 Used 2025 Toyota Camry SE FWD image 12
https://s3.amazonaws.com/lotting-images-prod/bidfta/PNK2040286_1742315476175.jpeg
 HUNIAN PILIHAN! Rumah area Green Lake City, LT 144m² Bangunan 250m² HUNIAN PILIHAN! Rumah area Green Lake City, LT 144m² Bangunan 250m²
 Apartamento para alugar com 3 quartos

+---+

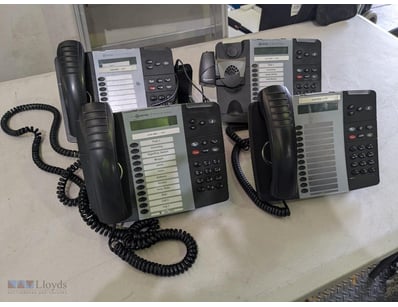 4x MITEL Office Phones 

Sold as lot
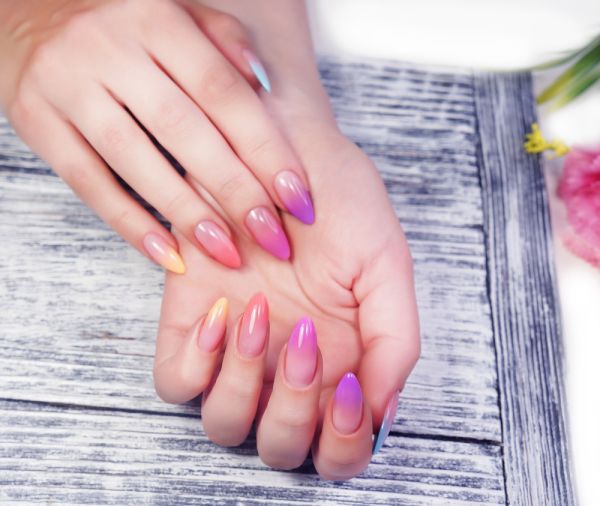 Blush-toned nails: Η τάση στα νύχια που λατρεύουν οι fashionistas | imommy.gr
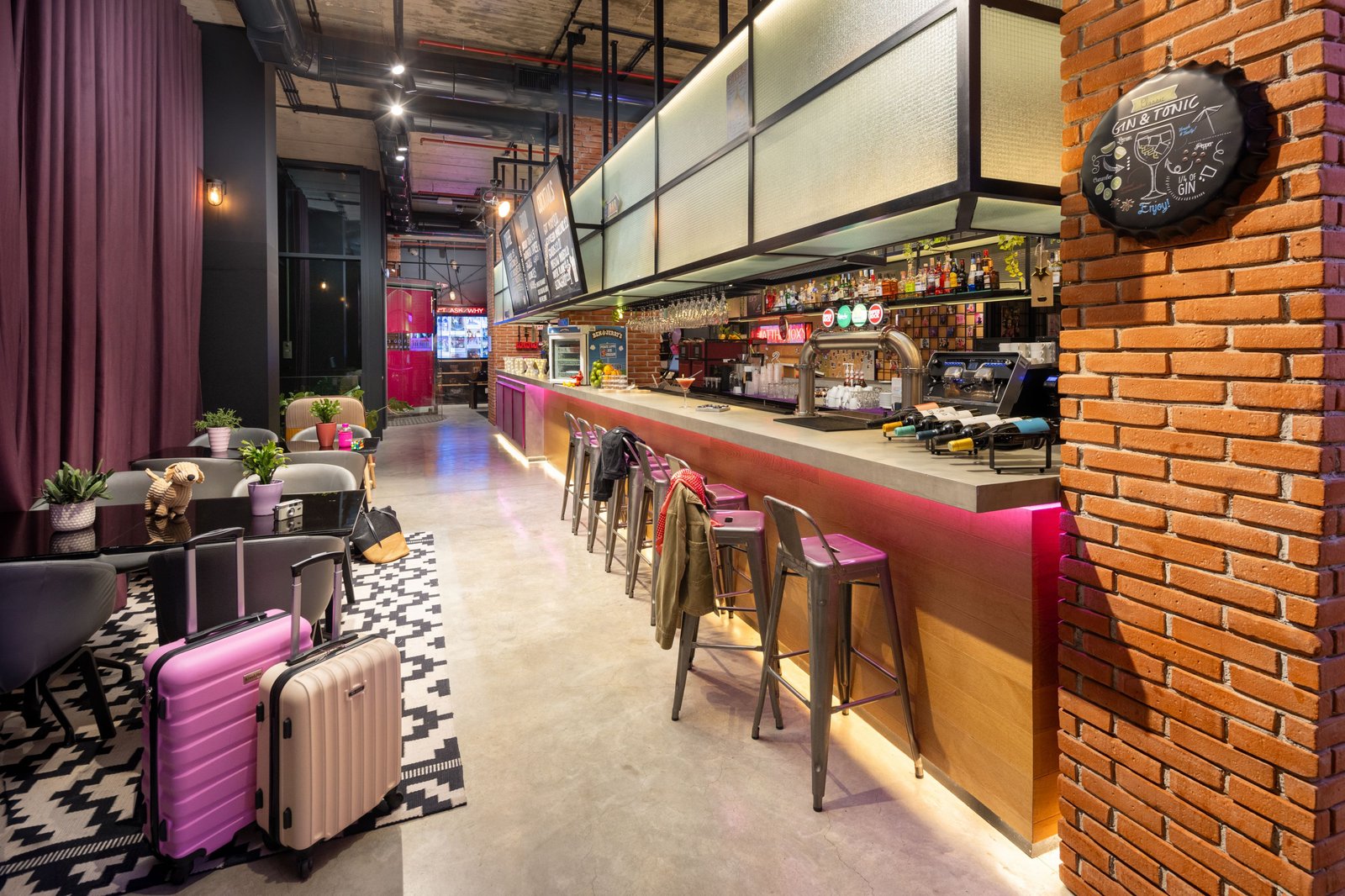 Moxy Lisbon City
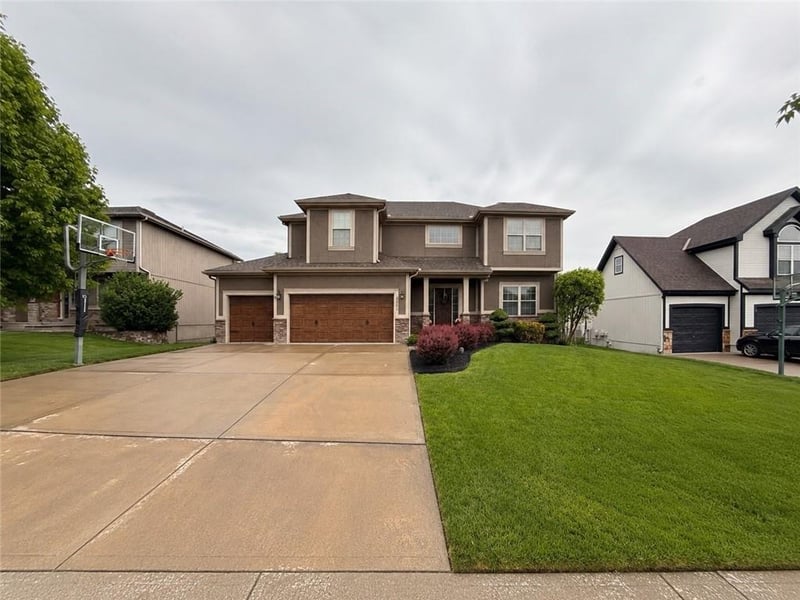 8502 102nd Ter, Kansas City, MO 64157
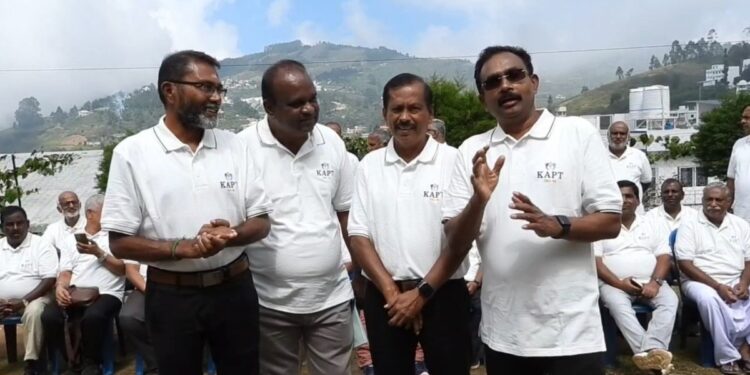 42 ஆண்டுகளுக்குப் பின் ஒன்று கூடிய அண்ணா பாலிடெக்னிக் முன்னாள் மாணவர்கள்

+---+

WORK INSTRUCTIONS - Out of the data above, transcribe exactly and only the lines starting with the line that has "Used 2025 Toyota Camry SE FWD image 12" and going on through the line that has "Apartamento para alugar com 3 quartos", both included.

EXERCISE SOLUTION -
 Used 2025 Toyota Camry SE FWD image 12
https://s3.amazonaws.com/lotting-images-prod/bidfta/PNK2040286_1742315476175.jpeg
 HUNIAN PILIHAN! Rumah area Green Lake City, LT 144m² Bangunan 250m² HUNIAN PILIHAN! Rumah area Green Lake City, LT 144m² Bangunan 250m²
 Apartamento para alugar com 3 quartos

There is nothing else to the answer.